The ECU has a lookup table that adjusts the duty cycle of the fuel injectors depending on manifold pressure and rpm.

As we plan to cruise in the low teens, I hope this is a good method setting the AFR.
 
We have no manual means of mixture control, it is all taken care of by the ECU. It is a non SDS unit.

The ECU has a lookup table that adjusts the duty cycle of the fuel injectors depending on manifold pressure and rpm.

As we plan to cruise in the low teens, I hope this is a good method setting the AFR.

The system also uses intake air temperature.

What manufacturer / system are you using?
 
ECU

Link G4+ Extreme. It is being used by a number of pilots, with very good results.

I looked it up online. More features than you need. Peak/hold injectors you don't need at 2700 rpm. Waterproof is great. Knock sensors don't work on air cooled engines. Electronic throttle, gear shift, throttle blips, 8 cylinders you don't need.

Gonna be interesting building the system with throttle body, sensors (intake air temp, engine temp, TPS, crank trigger, MAP), pump(s), regulator, coil packs, injectors and mounts, flywheel magnets. But it seems you have friends with experience applying this ECU.

No backup ECU?
 
Taking a class at EFI University (www.efi101.com) might not be a bad idea to help give you an idea of how all the sensors work together and how to setup and tune your system. It's been about 15 years since we put my daily driver on standalone, so I'm pretty rusty, but if you have a CS prop, you could set the mixture by rpm and map. If fixed pitch, you may want to have throttle position come into play so you can go "full rich" for a high DA take off, but pull it back 3-5% for lean cruise.
 
I looked it up online. More features than you need. Peak/hold injectors you don't need at 2700 rpm. Waterproof is great. Knock sensors don't work on air cooled engines. Electronic throttle, gear shift, throttle blips, 8 cylinders you don't need.

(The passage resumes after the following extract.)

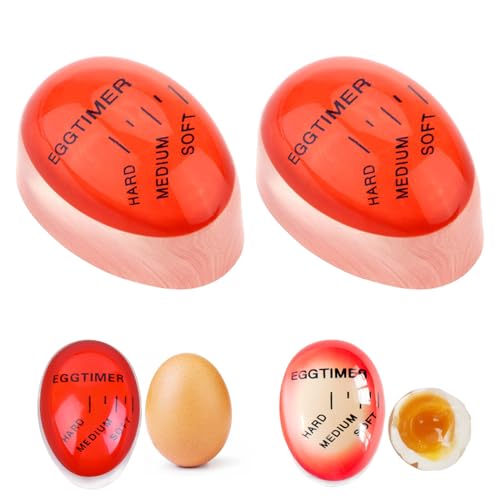 Generic Egg Timer 2 Pack, Color Changing Boil Egg Timer, Reusable Heat Sensitive Cooking Timer for Soft, Medium, Hard Boiled Eggs, Breakfast, Kitchen, Gift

Gonna be interesting building the system with throttle body, sensors (intake air temp, engine temp, TPS, crank trigger, MAP), pump(s), regulator, coil packs, injectors and mounts, flywheel magnets. But it seems you have friends with experience applying this ECU.

No backup ECU?

Liquid cooled V8. Mechanical throttle. Max engine rpm is 4500.

Feed back from an ECU company leads us to go with a single ECU.

We looked at all of the historical data on this.